Quando escutamos, jogamos com as possibilidades musicais quando, no ato apreciativo, as frases vão-se conectando, formando metáforas de nossos sentimentos e trazendo outros para o campo de nossa percepção. Ou quando um elemento surpresa nos transporta para outra dimensão do jogo mental. Repare que nunca escutamos a mesma música da mesma forma, por duas ou mais vezes, seguidas ou não. Há épocas em que preferimos um estilo, uma música, e outras épocas, outros estilos, outras músicas... Isso significa que a nossa capacidade de jogar mentalmente com as possibilidades musicais enquanto escutamos música flutua deliciosamente e se transforma enquanto adquirimos experiência musical. Isso é fascinante!!!
A importância do jogo psicológico no fazer musical é tão notória que alguns autores se dedicaram a estudá-lo profundamente (Keith Swanwick, David Hargreaves e François Delalande, os principais).
Especialmente Swanwick incorporou essas três modalidades do fazer musical em uma filosofia de educação musical que gerou o Modelo de ensino a que ele denominou C(L)A(S)P. O que seria isso?
Vimos que a composição, a apreciação e a performance são consideradas fundamentais enquanto sustentáculos da experiência musical ativa. Elas revelam nossa compreensão musical e permitem o pleno exercício do jogo, necessário ao fomento da espontaneidade, da imaginação e da criatividade. Além disso, elas são as vias de acesso direto à música, elas são as formas de expressão do nosso comportamento musical. Por isso, essas modalidades são entendidas, por Swanwick, como interativas, e devem integrar um currículo de educação musical por essas razões. Mais do que justificado, não?
Assim surgiu a concepção do Modelo C(L)A(S)P. As atividades de composição, apreciação e performance são, para ele, centralizadoras da experiência musical ativa, ladeadas pelas atividades periféricas (e por isso, entre parênteses) de literatura e skill (que serão definidas mais adiante).
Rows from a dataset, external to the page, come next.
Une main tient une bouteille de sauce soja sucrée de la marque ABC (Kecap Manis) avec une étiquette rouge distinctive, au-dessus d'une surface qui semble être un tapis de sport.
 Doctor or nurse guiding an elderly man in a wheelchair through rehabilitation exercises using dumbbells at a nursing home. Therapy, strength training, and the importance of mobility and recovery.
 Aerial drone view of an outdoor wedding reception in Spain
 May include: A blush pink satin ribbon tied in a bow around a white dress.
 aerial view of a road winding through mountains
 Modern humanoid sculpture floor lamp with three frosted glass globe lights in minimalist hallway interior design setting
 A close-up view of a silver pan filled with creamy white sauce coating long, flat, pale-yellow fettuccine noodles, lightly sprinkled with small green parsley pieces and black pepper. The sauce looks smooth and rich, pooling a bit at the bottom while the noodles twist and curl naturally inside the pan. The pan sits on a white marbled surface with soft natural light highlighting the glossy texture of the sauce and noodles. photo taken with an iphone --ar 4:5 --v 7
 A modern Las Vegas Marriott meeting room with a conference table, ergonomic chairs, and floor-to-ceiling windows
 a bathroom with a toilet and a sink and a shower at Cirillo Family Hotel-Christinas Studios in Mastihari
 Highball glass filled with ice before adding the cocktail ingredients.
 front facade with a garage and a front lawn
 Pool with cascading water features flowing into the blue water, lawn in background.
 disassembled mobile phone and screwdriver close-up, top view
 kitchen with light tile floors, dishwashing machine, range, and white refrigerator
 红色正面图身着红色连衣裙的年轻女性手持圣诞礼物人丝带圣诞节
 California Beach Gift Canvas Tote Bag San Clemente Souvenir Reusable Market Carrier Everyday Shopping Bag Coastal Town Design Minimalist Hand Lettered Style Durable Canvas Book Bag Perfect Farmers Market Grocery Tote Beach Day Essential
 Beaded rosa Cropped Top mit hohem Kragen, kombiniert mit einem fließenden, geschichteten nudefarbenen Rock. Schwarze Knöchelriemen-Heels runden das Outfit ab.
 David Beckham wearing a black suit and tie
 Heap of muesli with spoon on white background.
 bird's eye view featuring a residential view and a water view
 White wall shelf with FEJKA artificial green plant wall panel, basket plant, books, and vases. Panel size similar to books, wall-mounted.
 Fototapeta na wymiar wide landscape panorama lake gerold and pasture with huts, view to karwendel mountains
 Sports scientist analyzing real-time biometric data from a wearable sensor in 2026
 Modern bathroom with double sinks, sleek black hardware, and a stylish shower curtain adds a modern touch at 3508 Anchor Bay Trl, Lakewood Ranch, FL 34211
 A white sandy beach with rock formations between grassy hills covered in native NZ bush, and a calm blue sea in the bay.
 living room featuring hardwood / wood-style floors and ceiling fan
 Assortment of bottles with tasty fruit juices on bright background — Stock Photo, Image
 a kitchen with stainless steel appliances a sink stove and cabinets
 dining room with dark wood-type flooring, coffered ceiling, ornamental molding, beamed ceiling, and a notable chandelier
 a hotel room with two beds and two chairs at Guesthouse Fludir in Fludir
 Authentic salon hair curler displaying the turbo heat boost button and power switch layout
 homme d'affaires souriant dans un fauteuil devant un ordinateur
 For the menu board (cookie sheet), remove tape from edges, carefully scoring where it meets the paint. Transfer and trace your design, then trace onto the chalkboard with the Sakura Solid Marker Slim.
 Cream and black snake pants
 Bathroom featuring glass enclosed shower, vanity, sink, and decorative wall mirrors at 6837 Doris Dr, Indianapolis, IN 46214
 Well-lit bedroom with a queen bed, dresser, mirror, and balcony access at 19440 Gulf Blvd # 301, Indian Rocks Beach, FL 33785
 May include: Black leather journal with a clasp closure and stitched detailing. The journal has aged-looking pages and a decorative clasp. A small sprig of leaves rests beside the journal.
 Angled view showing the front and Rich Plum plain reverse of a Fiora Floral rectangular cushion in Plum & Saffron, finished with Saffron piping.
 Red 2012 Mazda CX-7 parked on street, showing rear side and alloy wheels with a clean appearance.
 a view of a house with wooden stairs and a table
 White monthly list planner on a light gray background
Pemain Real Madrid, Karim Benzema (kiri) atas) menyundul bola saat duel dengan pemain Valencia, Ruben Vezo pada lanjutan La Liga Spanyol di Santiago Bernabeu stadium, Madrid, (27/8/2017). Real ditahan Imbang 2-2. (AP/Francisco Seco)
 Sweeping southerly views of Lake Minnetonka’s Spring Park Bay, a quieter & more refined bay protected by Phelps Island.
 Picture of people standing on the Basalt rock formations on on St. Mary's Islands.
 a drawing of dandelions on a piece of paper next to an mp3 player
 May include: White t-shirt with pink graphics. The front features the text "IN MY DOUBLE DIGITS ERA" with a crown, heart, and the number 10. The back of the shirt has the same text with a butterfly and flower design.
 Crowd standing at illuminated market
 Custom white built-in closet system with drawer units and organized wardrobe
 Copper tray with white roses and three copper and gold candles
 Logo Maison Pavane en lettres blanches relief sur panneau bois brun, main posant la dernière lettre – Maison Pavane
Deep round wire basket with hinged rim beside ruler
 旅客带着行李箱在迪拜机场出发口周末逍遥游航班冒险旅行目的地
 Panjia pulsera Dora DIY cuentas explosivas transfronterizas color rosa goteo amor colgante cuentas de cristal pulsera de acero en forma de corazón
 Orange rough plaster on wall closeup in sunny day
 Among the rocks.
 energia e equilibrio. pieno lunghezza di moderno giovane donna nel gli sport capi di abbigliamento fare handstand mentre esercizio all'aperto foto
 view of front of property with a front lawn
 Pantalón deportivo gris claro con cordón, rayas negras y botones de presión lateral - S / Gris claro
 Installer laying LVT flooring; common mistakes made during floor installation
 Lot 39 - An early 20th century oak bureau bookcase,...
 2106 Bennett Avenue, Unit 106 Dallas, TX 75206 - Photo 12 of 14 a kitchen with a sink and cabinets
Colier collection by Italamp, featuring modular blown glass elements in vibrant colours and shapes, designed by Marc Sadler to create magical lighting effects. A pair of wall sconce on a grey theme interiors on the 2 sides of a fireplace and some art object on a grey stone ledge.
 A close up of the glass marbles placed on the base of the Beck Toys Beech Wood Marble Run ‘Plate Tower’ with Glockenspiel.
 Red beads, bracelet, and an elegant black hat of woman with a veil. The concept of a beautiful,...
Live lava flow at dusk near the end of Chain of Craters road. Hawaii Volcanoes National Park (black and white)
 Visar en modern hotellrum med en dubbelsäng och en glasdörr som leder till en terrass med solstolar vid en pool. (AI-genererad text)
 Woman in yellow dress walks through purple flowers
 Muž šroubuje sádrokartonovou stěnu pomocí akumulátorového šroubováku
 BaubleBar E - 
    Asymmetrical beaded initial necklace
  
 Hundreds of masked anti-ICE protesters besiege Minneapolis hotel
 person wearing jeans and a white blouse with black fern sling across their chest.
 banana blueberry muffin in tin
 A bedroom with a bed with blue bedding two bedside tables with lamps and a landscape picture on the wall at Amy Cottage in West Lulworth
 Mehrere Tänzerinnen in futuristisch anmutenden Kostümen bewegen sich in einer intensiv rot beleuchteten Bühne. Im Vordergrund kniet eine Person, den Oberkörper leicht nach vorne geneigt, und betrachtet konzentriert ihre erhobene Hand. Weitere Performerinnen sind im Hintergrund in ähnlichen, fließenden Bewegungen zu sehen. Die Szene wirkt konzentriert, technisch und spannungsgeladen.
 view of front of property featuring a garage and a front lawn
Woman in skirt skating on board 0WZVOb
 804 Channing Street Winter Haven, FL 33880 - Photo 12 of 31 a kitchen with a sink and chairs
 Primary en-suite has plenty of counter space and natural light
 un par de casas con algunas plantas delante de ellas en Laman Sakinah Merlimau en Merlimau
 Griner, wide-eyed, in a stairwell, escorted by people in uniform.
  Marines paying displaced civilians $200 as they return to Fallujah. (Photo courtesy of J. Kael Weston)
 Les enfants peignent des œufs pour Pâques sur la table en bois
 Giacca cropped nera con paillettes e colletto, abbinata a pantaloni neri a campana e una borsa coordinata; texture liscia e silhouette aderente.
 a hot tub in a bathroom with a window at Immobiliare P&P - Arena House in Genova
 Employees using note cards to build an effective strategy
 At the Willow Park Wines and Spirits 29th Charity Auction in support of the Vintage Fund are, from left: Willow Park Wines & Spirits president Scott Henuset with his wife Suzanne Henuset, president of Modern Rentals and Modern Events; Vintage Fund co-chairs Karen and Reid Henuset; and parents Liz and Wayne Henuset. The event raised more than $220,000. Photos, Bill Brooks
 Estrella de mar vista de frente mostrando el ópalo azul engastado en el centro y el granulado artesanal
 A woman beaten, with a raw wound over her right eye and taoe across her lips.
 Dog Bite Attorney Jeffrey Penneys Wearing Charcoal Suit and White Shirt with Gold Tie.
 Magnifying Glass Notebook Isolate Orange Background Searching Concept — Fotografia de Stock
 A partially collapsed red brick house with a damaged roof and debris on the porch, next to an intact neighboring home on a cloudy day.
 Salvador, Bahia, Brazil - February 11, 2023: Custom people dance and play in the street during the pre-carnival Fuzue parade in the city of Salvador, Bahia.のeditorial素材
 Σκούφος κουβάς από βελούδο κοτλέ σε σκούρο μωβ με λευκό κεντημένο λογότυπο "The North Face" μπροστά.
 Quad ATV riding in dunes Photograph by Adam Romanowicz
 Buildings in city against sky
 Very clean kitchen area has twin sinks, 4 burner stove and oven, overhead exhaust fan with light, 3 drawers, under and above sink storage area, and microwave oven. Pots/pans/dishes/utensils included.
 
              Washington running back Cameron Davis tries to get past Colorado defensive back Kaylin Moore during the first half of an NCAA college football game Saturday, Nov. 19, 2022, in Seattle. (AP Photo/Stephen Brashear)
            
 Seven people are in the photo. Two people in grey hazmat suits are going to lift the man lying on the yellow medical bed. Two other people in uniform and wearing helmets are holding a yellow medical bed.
A idéia do autor é que esses cinco parâmetros (as cinco letras) sejam trabalhados de maneira integrada na aula de música, permitindo um equilíbrio que se reflita em ampla possibilidade curricular. É por isso que as letras C, A e P são distribuídas de maneira equilibrada no Modelo, e cercadas pelas letras L e P.
No Brasil, o Modelo foi traduzido para (T)EC(L)A. As pessoas que traduziram o Modelo, por certo, desconheciam seus fundamentos psicológicos e filosóficos, a ponto de acreditarem que a tradução era meramente um facilitador em termos de idioma (embora essa justificativa não proceda). Essa tradução desenrola alguns pontos de questionamento. Vamos entender?
  
O MODELO C(L)A(S)P E A TRADUÇÃO PARA (T)EC(L)A

Conforme eu disse anteriormente, de acordo com França e Swanwick (2002, p. 17), a centralidade da experiência musical ativa deve acontecer por meio das modalidades de composição, apreciação e performance. Subsidiando essas modalidades, apresentam-se as atividades de suporte, e periféricas: literatura (qualquer informação notacional, teórica, biográfica e analítica sobre música) e as habilidades ou skill (toda e qualquer informação técnica e aquisição de habilidades que contribuam para o controle dos sons). O fato de serem periféricas não deprecia aquelas atividades, mas as coloca como complementos (necessários) à experiência musical integradora proporcionada pela C, A, P.
Composição, apreciação e performance constituem os aspectos centrais do fazer musical, pilares da experiência musical, e são distribuídos equilibradamente no Modelo. As atividades (L) e (S) são consideradas periféricas. Não existe hierarquia entre C, A e P, mas sim entre essas modalidades e o (L) e o (S). 
Por isso, o Modelo assume o formato das letras assim distribuídas:
Quando se traduz o Modelo para (T)EC(L)A, entretanto, a centralidade da experiência musical ativa é comprometida. As atividades periféricas (L) e (S), traduzidas para técnica e literatura, parecem então dominar o Modelo, circundadas de maneira não equilibrada pelas modalidades de execução, composição e apreciação. Além disso, percebo que a técnica e a execução ficam pareadas, transparecendo uma filosofia distinta daquela defendida pelo Modelo, ao mesmo tempo que parece prescindir, especialmente, da apreciação. Muitos currículos e professores assumem o (L) e o (S) como prioridade em suas práticas substituindo a experiência ativa por anotações teóricas e pela prioridade técnica.
A tradução do C(L)A(S)P para (T)EC(L)A altera a forma gráfica do Modelo, que traduz uma concepção filosófica e hierárquica na experiência musical. Altera-lhe, ainda, a sua lógica interna, e distorce sua fundamentação teórica.
Quero frisar, aqui, uma frase de França e Swanwick (2002, p. 18), para entendermos efetivamente o Modelo C(L)A(S)P e darmos continuidade aos nossos estudos de fundamentação da prática pedagógica em música:



"É preciso salientar ainda que o Modelo C(L)A(S)P não é um método de educação musical, nem um inventário de práticas pedagógicas. O Modelo carrega uma visão filosófica sobre a educação musical, enfatizando o que é central e o que é periférico (embora necessário) para o desenvolvimento musical".   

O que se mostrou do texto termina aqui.